OK , just think there is more into this BILL I turly Do NOT THINK IT IS ANYTHING TO DO ABOUT GAYS IT IS TO DO about what we say about God in anyway shap . I am Gay and I see right into this BILL I VOTE AND STAND UP FOR NO, NO,NO,NO AND NO AGAIN . STAND UP WE ARE in the U.S.A. FREEDOM OF talking about God or anything that is love is going to be taken away .

krystaltgirl 11/21/2009 3:29pm
in reply to Ebin Nov 21, 2009 3:12pm

Honey I really couldn’t careless about what’s mature and what’s not or who’s right and who’s wrong. As a transgendered woman who has seen her fair share of intolerance and hate coming from the Christians including my parents, I long ago decided that I will take my rights legally or illegally. I no longer wait for the approval of the moral majority. The passage of this bill is a great step forward, but I can assure you I armed myself along time ago and haven’t been in fear of hateful people ever since.

jaysays 06/05/2009 5:28am
in reply to 2100km May 23, 2009 9:41pm

If they kill her because she’s white or heterosexual, they would, even under this bill.

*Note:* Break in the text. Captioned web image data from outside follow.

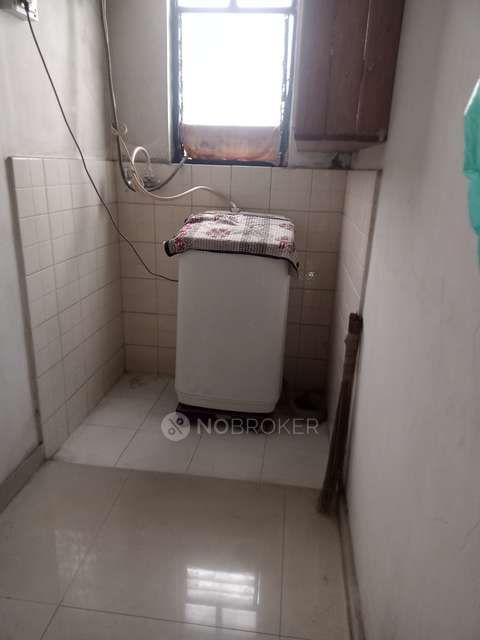 4 BHK Flat For Sale  In Shahu Colony Lane No. 11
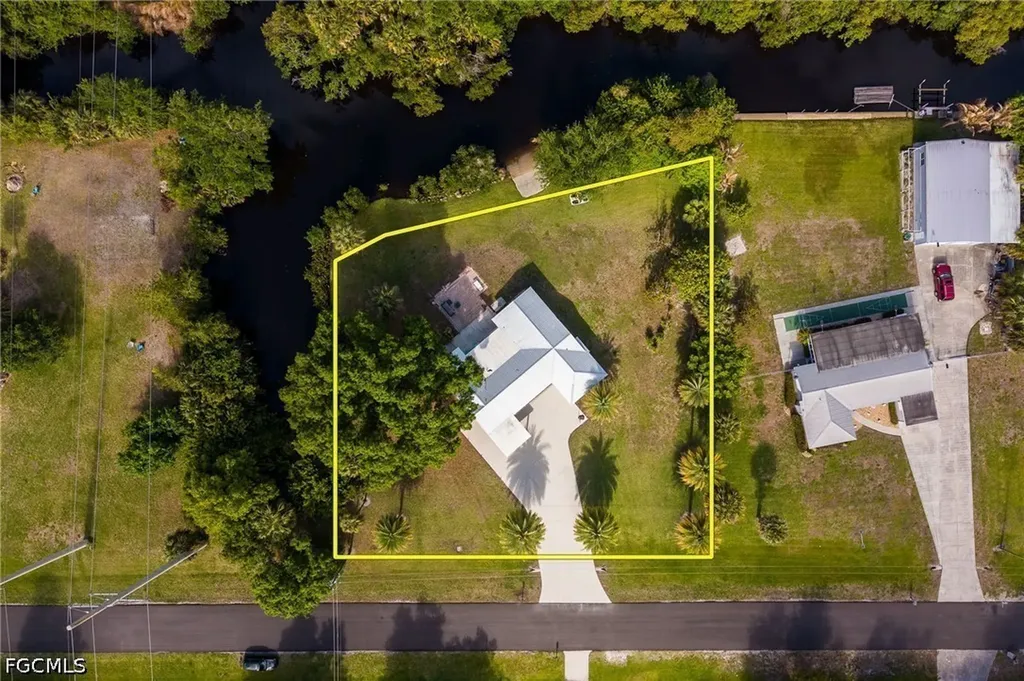 17041 E Lake Drive North Fort Myers FL 33917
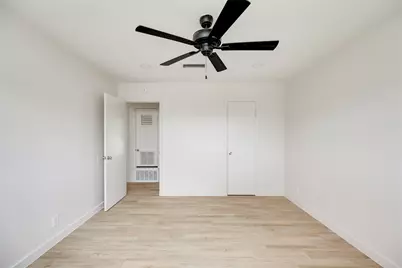 4811 Brushy Ridge Drive, Austin, TX 78744 - Photo 37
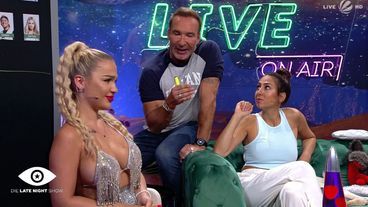 Tag 14 in der Late Night Show: Emmy Russ und Micaela Schäfer teilen aus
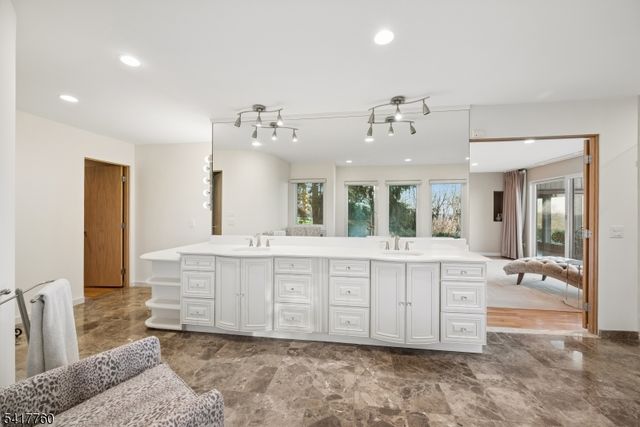 142 Deer Run, Green Brook Twp., NJ 07069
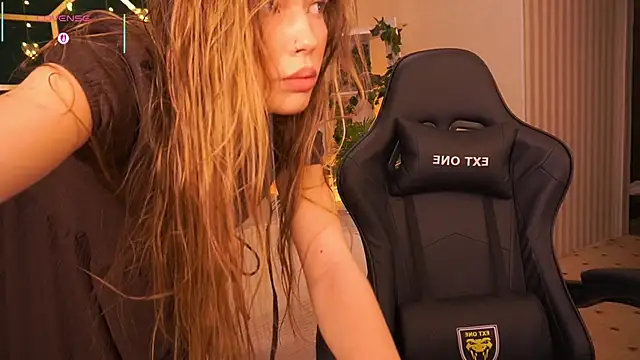 Snapshot of MollyyMayy chatting on 02.24.26 MollyyMayy online show from 02.24.26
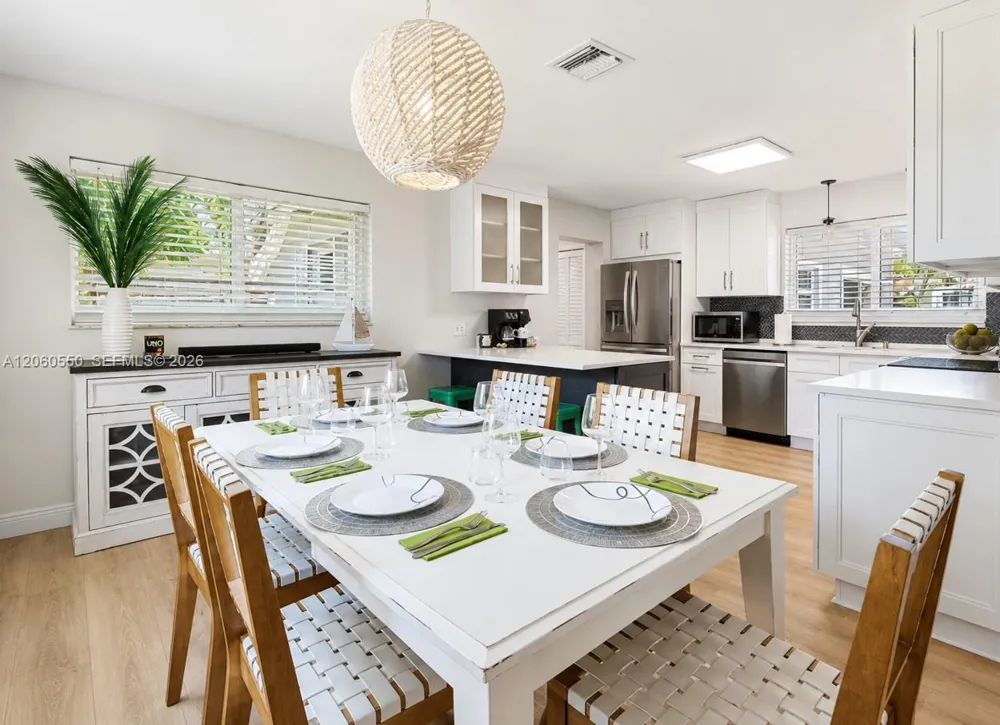 2770 NE 30th St Lighthouse Point, FL 33064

The suspect class with the most hate crimes committed against them is “Race” with African Americans reporting the most crimes against them, followed by Religion, with Jewish people topping that category. Third is sexual orientation, with the largest number of reports coming from gay men. So… yeah… it protects everyone. In fact, the FBI report even shows Hate Crimes against 22 heterosexuals and 749 white people.

It helps to do a little research.


jamessays 07/27/2009 7:18pm
in reply to jaysays Jun 05, 2009 5:24am


Ebin 11/13/2009 9:54am
in reply to LastStand300 Nov 06, 2009 4:35am

Oh yeah… Last one I promise.

“Christianity is the most perverted system that ever shone upon man”-Thomas Jefferson

“Lighthouses are more useful than churches”-Benjamin Franklin

“This would be the best of all possible worlds if there were no religion in it”-John Adams

So there is a small amount of the Atheism our country was founded on. Yes there were some Christians. But most of the Founding Fathers were in fact atheists.

jaysays 06/05/2009 5:20am
in reply to bbs May 03, 2009 4:04pm

The Canadian Law is a “Hate Speech” law, not a “Hate Crimes” law. The Law in Canada is very different in wording than the U.S. proposal. Please research Canadian law before assuming that it applies in the United States.